• The data:
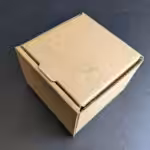 Adelaide packaging supplies, Shop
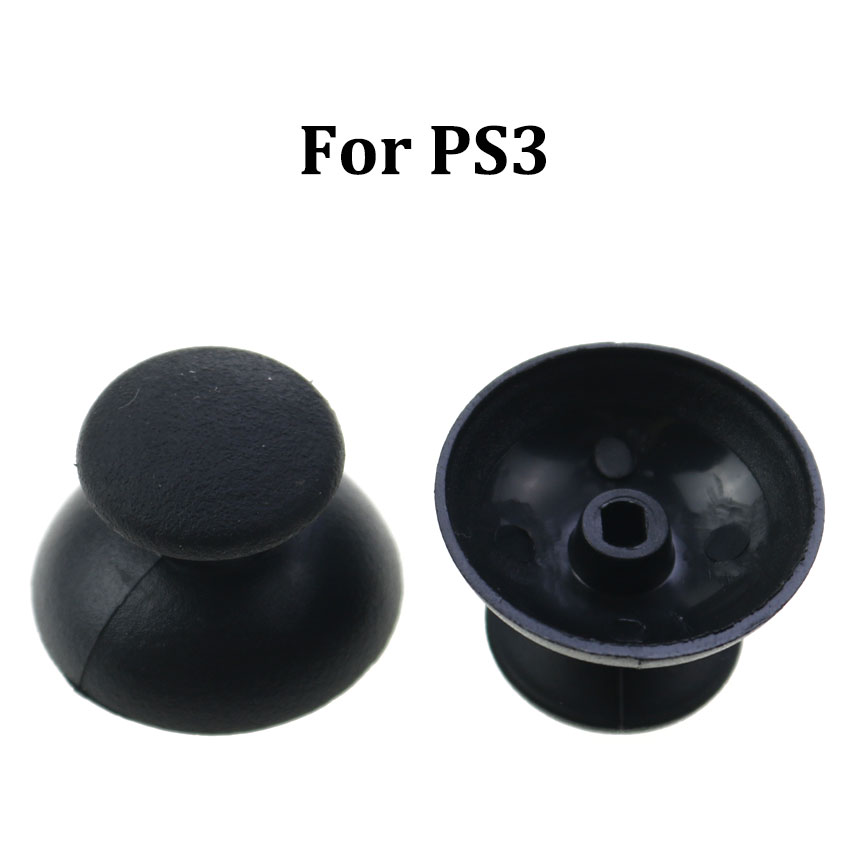 PS5 PS4 PS3 PS2 denetleyicisi  - Gaming Accessories Xbox One incelemesi ve fiyatı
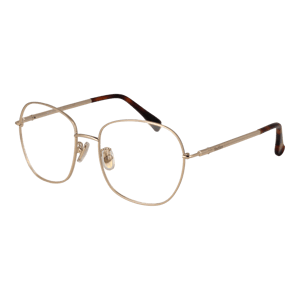 Max Mara Montura de gafas MM5077-H 032 56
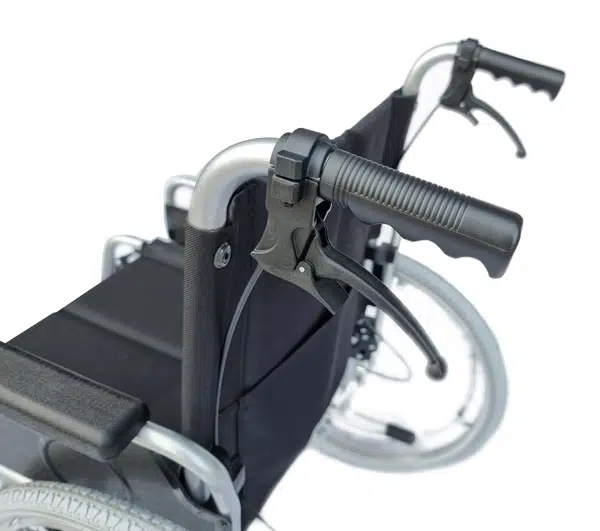 Light-Foldable-Manual-Wheelchair-With-Attendant-Brakes-And-Adjustable-Leg-Rest-Premium-Carer-Wheelchair-3.webp Light-Foldable-Manual-Wheelchair-With-Attendant-Brakes-And-Adjustable-Leg-Rest-Premium-Carer-Wheelchair-3.webp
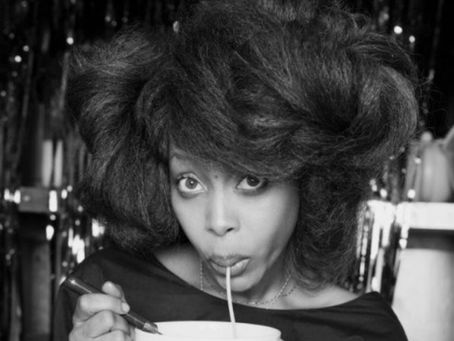 It Was Dirt Not Soil: How the Farm Reminded me to Check my Conditions First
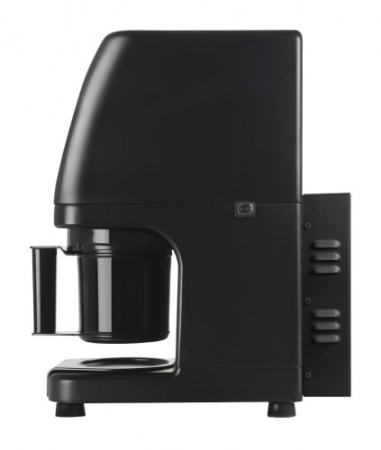 Аппарат гомогенизатор TAURUS Rowzer Plus фото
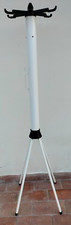 Appendiabiti rocket poliplast usato  Cascina
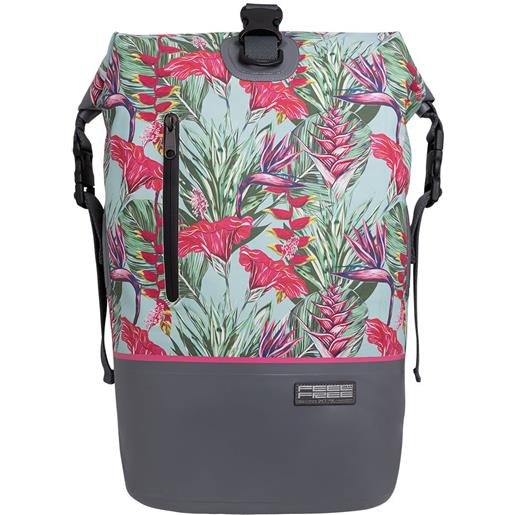 Feelfree Gear tropical dry pack 20l multicolor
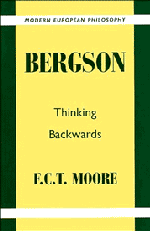 Bergson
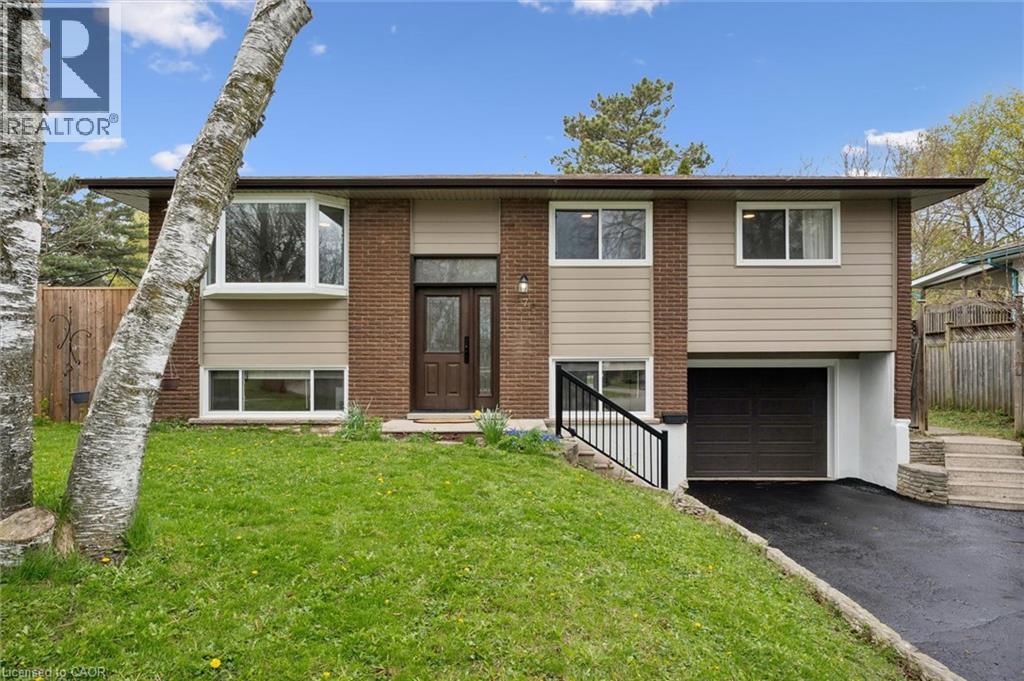 176 WOODVILLE Place thumbnail 2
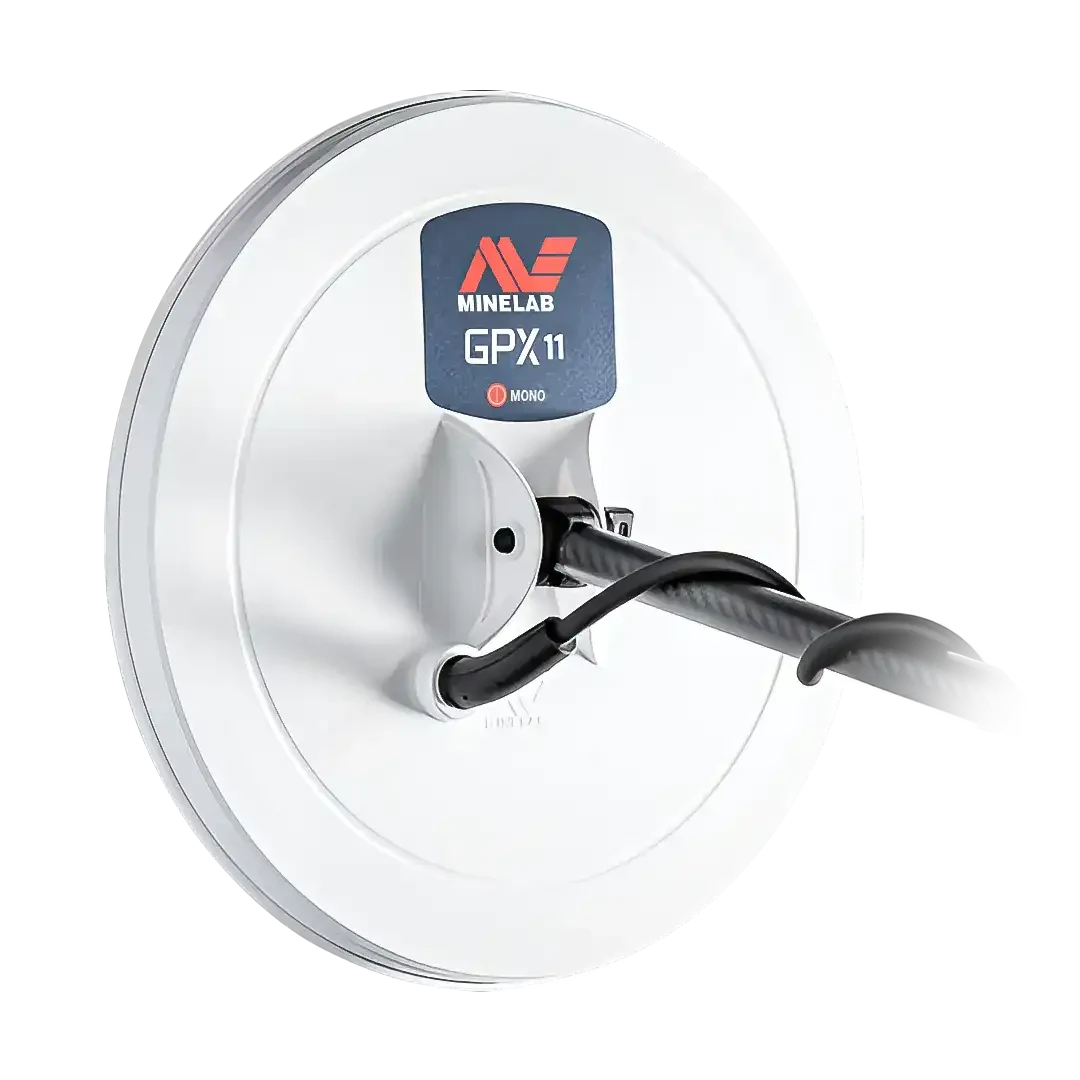 Giresun Minelab GPX 6000 - GPX 11 Monoloop bobin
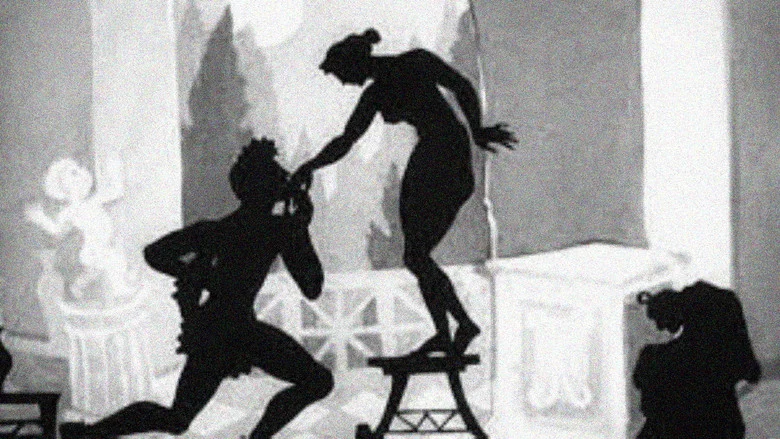 Galathea screenshot 1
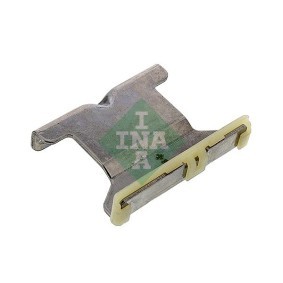 INA 552 0122 10 Carril de deslizamiento FIAT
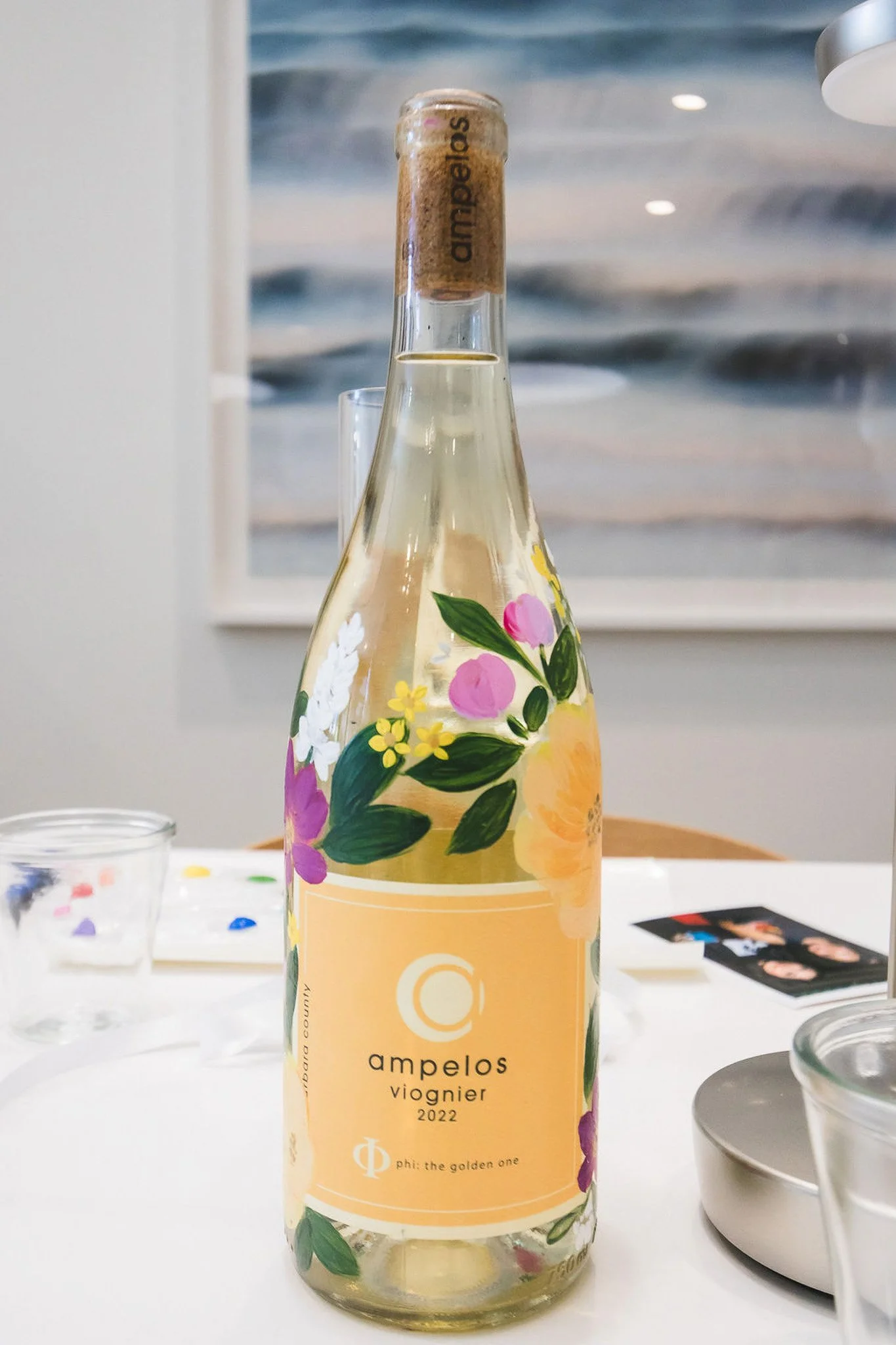 white-wine-bottle-painted-unique-gifting-idea-holiday-birthday-workshop-event-san-jose.jpg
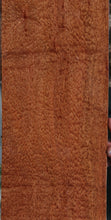 Load image into Gallery viewer, Pomelle Sapele Lumber
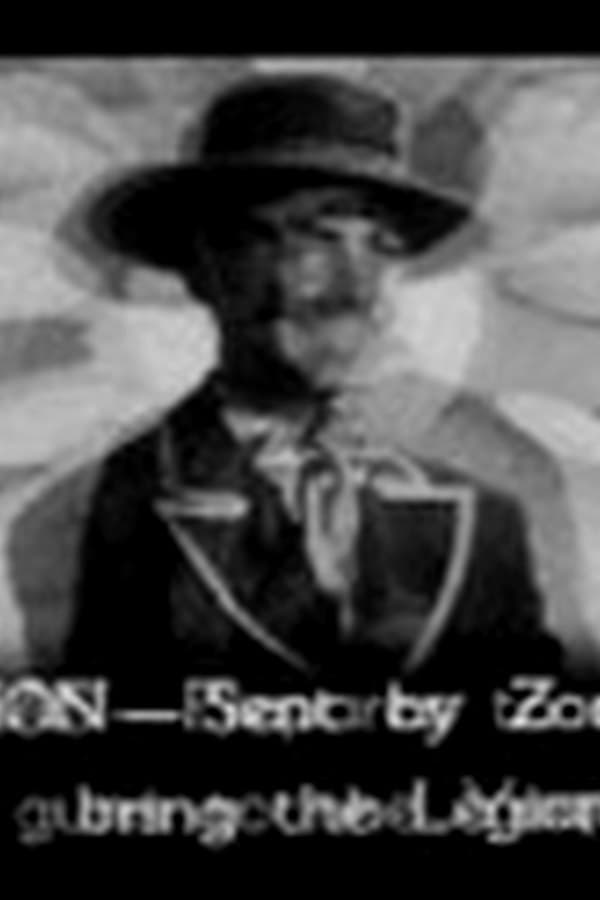 Zorro's Fighting Legion: Chapter 11 - Face to Face — Movie 1939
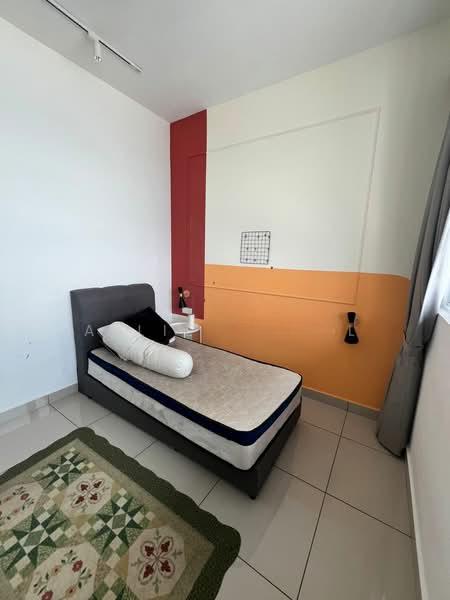 Palmyra Residences - 3
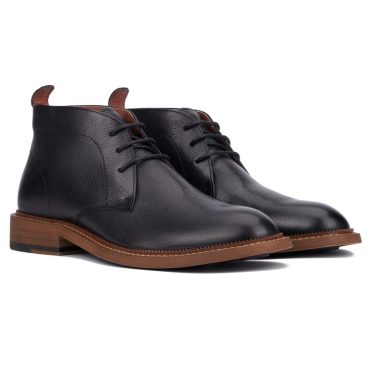 Men'S Treyton Chukka Boots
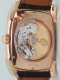 Parmigiani Fleurier Kalpa Grande - Image 2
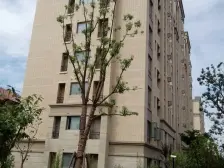 带产权车位 采光好,产权清晰,随时看房,新上房源
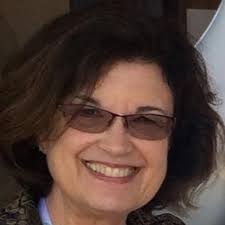 SAUSD Lead Learner Conference 2015: Directory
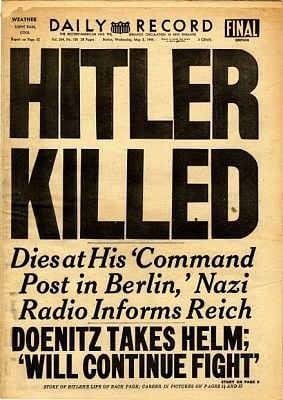news-paper-hitler.jpg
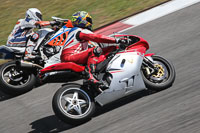 may-2014;motorbikes;no-limits;peter-wileman-photography;portimao;portugal;trackday;trackday-digital-images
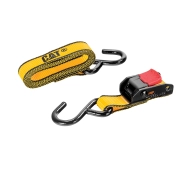 CAT 980489IE 2szt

• What to do: Beginning with the first entry above, reproduce every line verbatim until the line with "Аппарат гомогенизатор TAURUS", which is included too; omit pictures.

• Result:
 Adelaide packaging supplies, Shop
 PS5 PS4 PS3 PS2 denetleyicisi  - Gaming Accessories Xbox One incelemesi ve fiyatı
 Max Mara Montura de gafas MM5077-H 032 56
 Light-Foldable-Manual-Wheelchair-With-Attendant-Brakes-And-Adjustable-Leg-Rest-Premium-Carer-Wheelchair-3.webp Light-Foldable-Manual-Wheelchair-With-Attendant-Brakes-And-Adjustable-Leg-Rest-Premium-Carer-Wheelchair-3.webp
 It Was Dirt Not Soil: How the Farm Reminded me to Check my Conditions First
 Аппарат гомогенизатор TAURUS Rowzer Plus фото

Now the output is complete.